Is there a right and wrong here? Do our respective priorities align with a particular ecommerce product or solution? In reality, we care about the same things - maybe just in a different order - but that’s why selecting technology is difficult for businesses. We all want low cost, quick implementation timelines, the best features and the ability to scale. And there’s probably a path, for each solution, to meet these needs. The art comes down to determining what is MOST important for your business at the current moment and with your current team. What’s right for the business, right now.
I don’t mean to imply you shouldn’t think about the future. In fact, future fitting is necessary for all businesses and in order to prepare for the future, you need to set your foundation by understanding where you are right now.
Let me give you a few, real life examples of what I mean:
One of our global B2B clients had an established, homegrown ecommerce business, but was looking for a centralized system that would be easier to manage and more scalable to fit and grow several global markets. The system needed to integrate with many other backend pieces that supported the experience. This client really wanted to use modern technologies and approaches, but had very little staff (and no plans to hire) to support the solution ongoing. The decision for a (monolith) platform really came down to the maturity of the client’s IT organization and the ability to hire and manage the right talent to support the solution.

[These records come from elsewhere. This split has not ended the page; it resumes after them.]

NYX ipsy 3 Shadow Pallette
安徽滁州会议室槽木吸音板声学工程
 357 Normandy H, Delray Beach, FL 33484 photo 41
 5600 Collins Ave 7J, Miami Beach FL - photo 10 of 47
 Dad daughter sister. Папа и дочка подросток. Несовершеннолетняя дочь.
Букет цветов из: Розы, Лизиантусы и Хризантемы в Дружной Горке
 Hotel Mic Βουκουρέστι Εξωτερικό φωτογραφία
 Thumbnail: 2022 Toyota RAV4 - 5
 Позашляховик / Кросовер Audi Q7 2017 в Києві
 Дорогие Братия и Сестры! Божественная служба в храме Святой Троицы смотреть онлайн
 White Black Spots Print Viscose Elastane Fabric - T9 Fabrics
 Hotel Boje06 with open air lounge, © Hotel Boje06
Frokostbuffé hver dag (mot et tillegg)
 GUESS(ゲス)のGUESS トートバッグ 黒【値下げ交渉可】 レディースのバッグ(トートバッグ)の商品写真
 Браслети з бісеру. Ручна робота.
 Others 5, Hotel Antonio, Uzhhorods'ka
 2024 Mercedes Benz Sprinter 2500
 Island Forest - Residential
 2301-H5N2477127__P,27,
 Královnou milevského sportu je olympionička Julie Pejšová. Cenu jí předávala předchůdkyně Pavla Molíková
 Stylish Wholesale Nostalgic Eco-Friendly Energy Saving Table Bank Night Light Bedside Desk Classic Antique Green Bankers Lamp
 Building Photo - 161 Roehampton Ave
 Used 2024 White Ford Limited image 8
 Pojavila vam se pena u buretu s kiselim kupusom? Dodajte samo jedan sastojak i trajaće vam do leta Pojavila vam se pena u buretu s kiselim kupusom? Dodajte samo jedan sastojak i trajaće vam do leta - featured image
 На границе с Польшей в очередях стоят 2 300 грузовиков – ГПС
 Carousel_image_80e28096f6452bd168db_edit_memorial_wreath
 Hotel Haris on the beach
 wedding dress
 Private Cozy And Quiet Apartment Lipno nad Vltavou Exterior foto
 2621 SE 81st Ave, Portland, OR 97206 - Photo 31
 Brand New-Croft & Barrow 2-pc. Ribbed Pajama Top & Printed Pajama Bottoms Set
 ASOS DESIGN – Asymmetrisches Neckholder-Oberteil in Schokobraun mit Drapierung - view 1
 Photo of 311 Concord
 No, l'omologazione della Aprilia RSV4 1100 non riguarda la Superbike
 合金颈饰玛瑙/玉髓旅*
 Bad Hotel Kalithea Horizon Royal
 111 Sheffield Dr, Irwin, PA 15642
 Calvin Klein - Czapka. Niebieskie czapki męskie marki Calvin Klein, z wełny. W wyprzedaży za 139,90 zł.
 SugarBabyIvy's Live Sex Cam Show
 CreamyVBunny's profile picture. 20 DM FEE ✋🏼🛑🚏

Another of our B2C clients - with an established retail business, but no ecommerce - needed to stand up an application in months (3 actually). This client has legacy pricing and item systems that were too monumental to change and certainly wouldn’t be possible to transition away from in 3 months. The decision for this client came down to time and integration dependencies to drive the selection of a React frontend, a modern ecomm platform to support the transactional capabilities and microservices to integrate to the legacy backends.
Finally, another of our B2B clients, a manufacturer that previously sold through online channels, was interested in a Direct to Consumer application. This client was tentative about the opportunity to sell Direct to Consumer and nervous about the investment to try something new and unproven. There was real conflict in the decision because the client wanted to get something up and prove it out quickly, but also wanted best of breed features and the ability to scale. ‘What if D2C is widely successful and I have to go back to my leadership team and ask for more money and time for a more scalable solution?’ was one of the biggest concerns for this client. I don’t have a big reveal for this one yet. The client is still deciding, but as I mentioned there’s a path for each solution to meet the needs of the business.
Marketing technology decisions can be expensive and organizations want to get it right. In order to feel confident about making the right technology decision, companies need to be realistic about where they are right now with a sense of where they want to be in the future. This is not an easy decision because there are a lot of factors to consider: cost, time, integrations, team maturity, practice maturity, features and functionality, scalability, age (or outdatedness) of technology/architecture, administration/maintenance ease, other technology in place. It’s also not a black and white decision. Just because an organization is just starting out and testing the waters with ecommerce doesn’t mean they should go with the least expensive option to test.
One thing is for sure, ecommerce isn’t going away and is increasingly becoming the expectation for both B2C and B2B customers. The art of selecting the right solution for your organization is about evaluating all factors in the present to set the right foundation for the future.